About this task: The task calls for the lines below from the line with "Photo 4 of 27 of 2018 Toyota RAV4 LE" to the line with "Atelier – autovehicul Aixam în lucru", both ends included, copied exactly, without any pictures.

Available data:
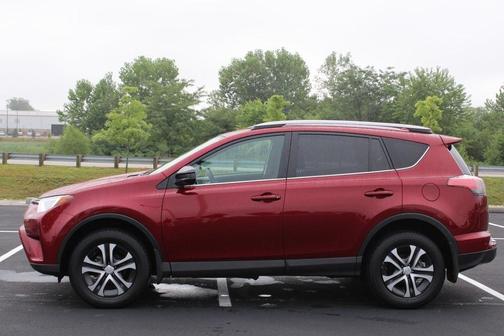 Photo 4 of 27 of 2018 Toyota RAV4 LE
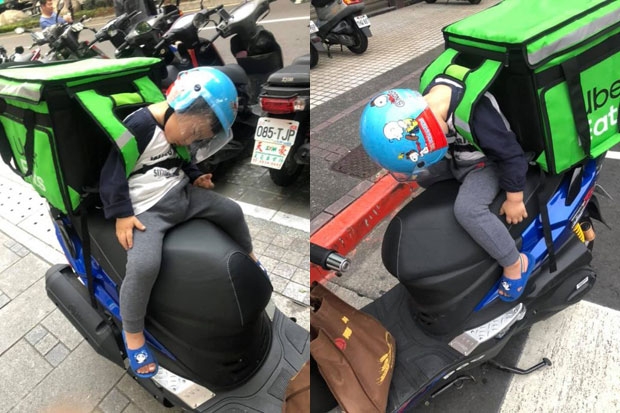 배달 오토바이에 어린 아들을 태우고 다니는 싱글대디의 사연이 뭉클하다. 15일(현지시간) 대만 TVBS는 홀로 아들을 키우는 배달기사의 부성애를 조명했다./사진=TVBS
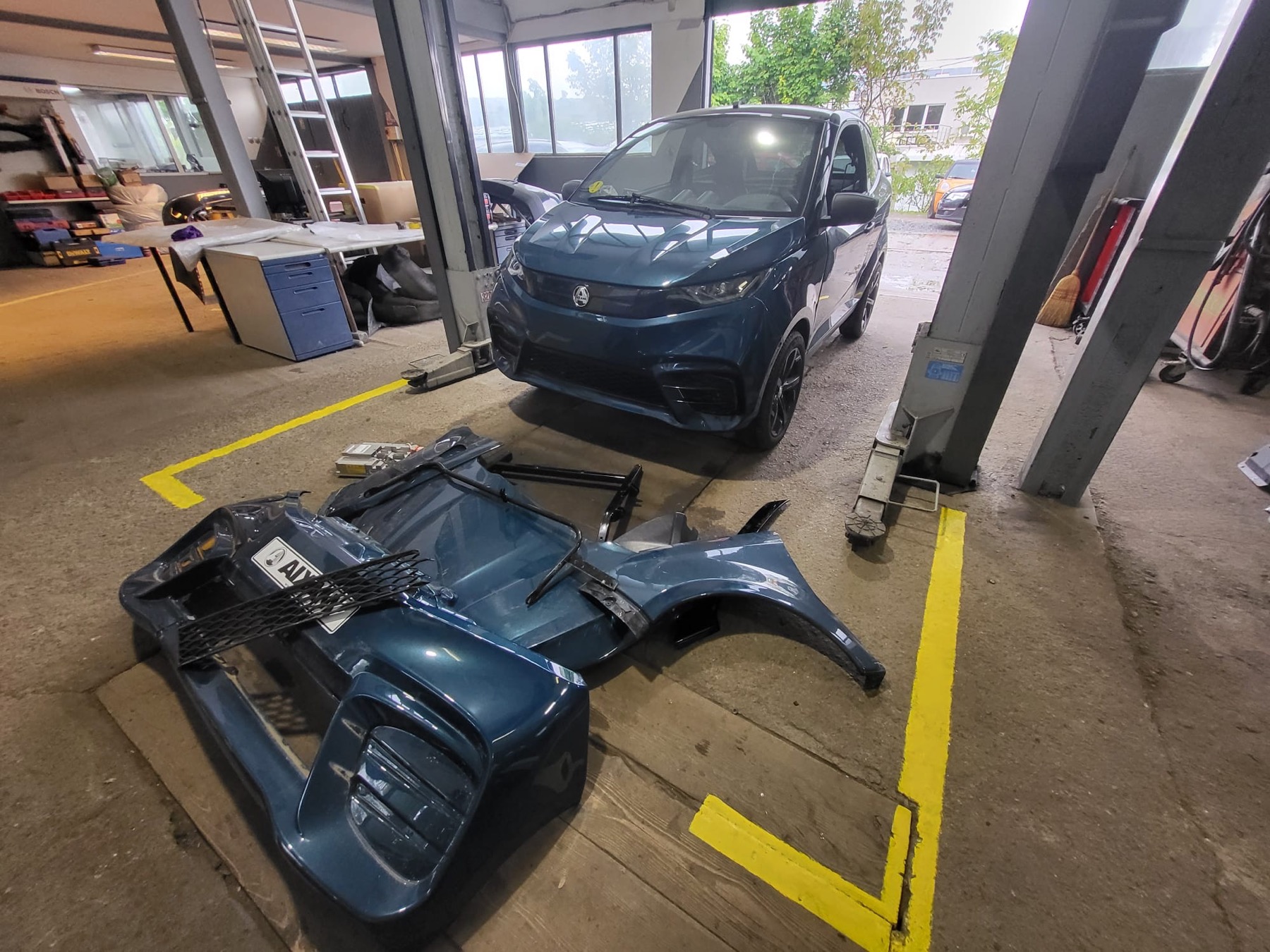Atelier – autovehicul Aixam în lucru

---

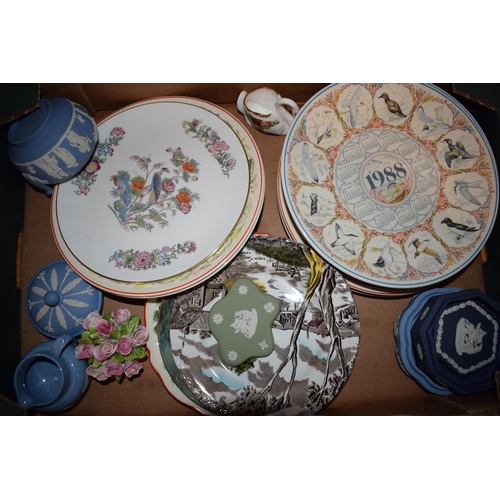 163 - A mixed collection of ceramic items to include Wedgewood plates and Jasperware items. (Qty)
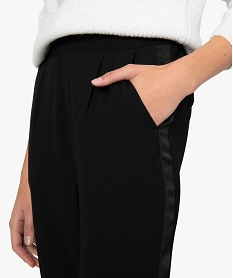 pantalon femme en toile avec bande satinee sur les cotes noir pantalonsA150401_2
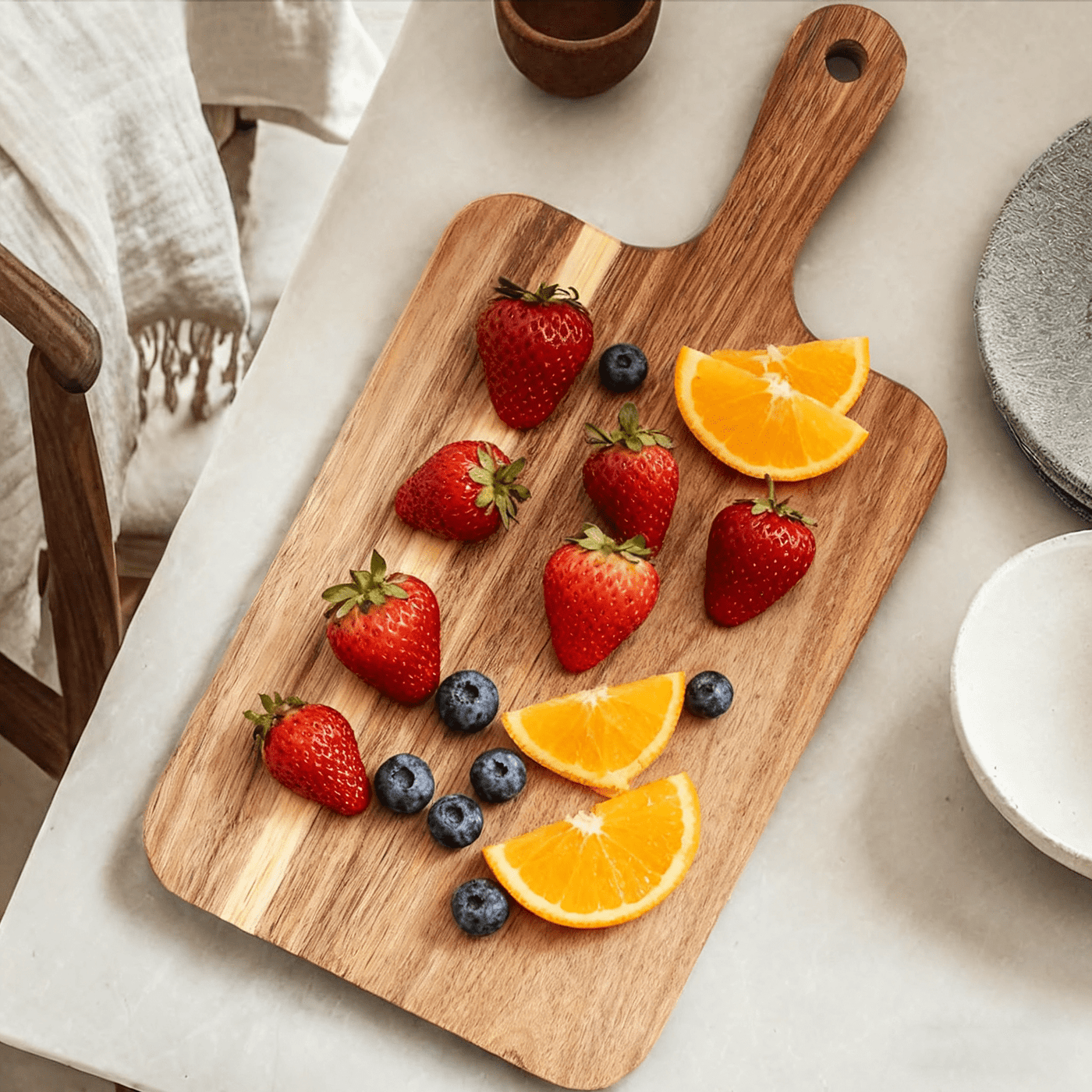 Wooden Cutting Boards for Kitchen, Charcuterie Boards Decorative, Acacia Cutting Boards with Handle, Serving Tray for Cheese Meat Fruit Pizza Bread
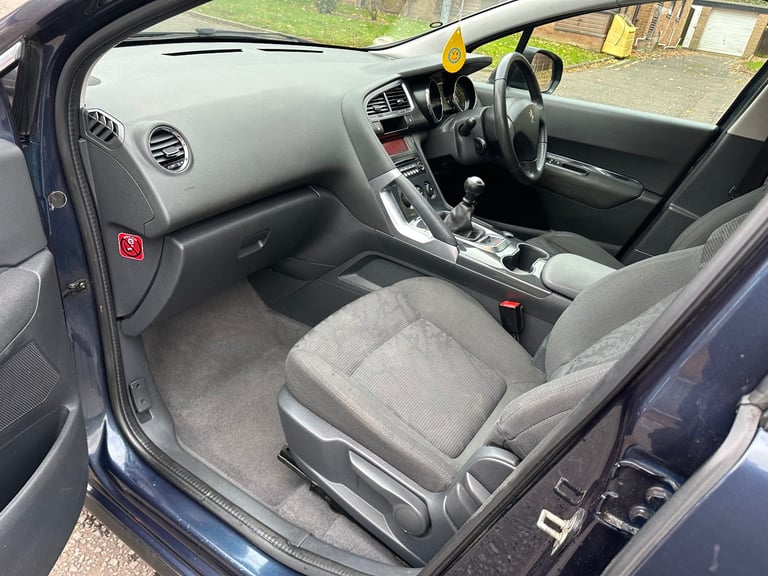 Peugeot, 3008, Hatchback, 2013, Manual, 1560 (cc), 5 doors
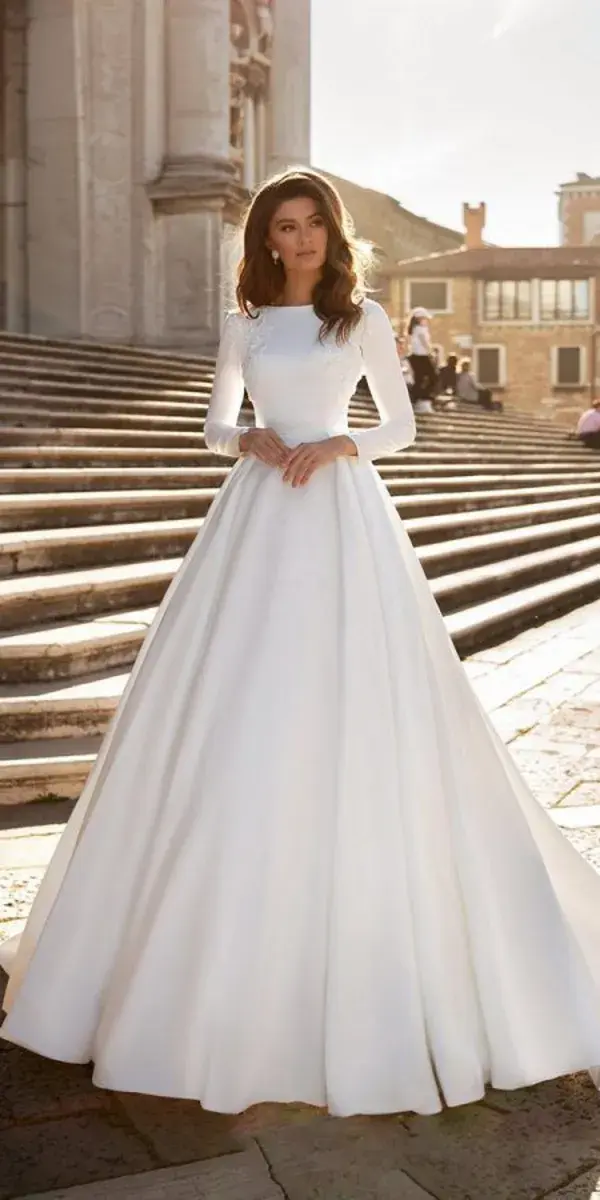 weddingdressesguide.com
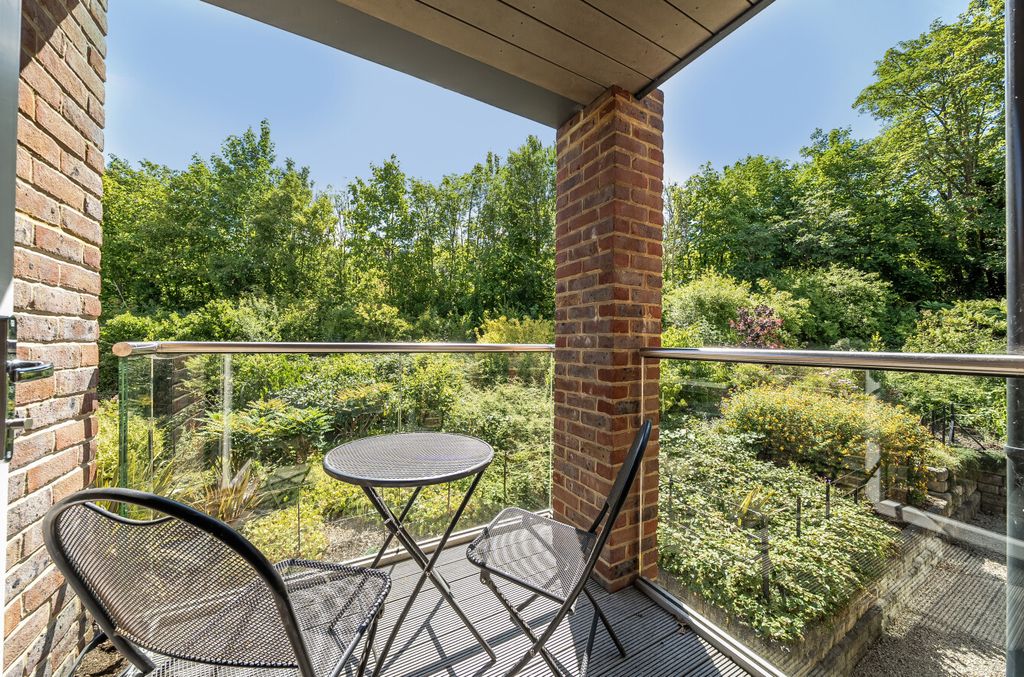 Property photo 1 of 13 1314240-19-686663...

Result for this task:
 Photo 4 of 27 of 2018 Toyota RAV4 LE
 배달 오토바이에 어린 아들을 태우고 다니는 싱글대디의 사연이 뭉클하다. 15일(현지시간) 대만 TVBS는 홀로 아들을 키우는 배달기사의 부성애를 조명했다./사진=TVBS
Atelier – autovehicul Aixam în lucru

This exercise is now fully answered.